10. In the present case, permission to produce the secondary evidence could only be given by the first court, i.e. the Mamlatdar. If to fill up the lacuna, the petitioner has obtained the letter dated 23.4.93, then the same would not provide any solace in favour of the petitioner, because, this letter was obtained almost after 17 years from the date the petitioner had filed her return/form disclosing the land.

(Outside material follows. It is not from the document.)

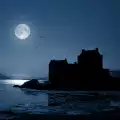 Нощ на ужасите (част 2)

11. No reliance can be placed upon the letter dated 23.4.93, because the petitioner has nowhere stated that why immediately on passing of the order dated 6.1.54, she could not apply for the copy or why she could not apply for the copy in the year 1976 when she was required to file form and was knowing well that she has to claim exemption in accordance with the order dated 6.1.54. The entry from the register of the Talati would not be sufficient to convince this Court that the land was non-agricultural land. It is also to be seen from the records that in relation to many other parcels of land, the petitioner could show to the authority that she was possessing some order and was paying revenue in accordance with non-agricultural assessment, unfortunately for the land in dispute, she did not file any receipt to show that she was paying revenue in accordance with non-agricultural assessment. It has also come on the record that the land was used for cultivation. Mamlatdar had given cogent reasons for holding that the land was agricultural land. In the opinion of this Court, the Mamlatdar, for the reasons stated in his order and for the reasons aforesaid cannot be held to have committed any wrong and the appellate authority was justified in confirming the order.
12. The petition deserves to and is accordingly dismissed. Rule is discharged. No costs. Interim relief, if any, is vacated.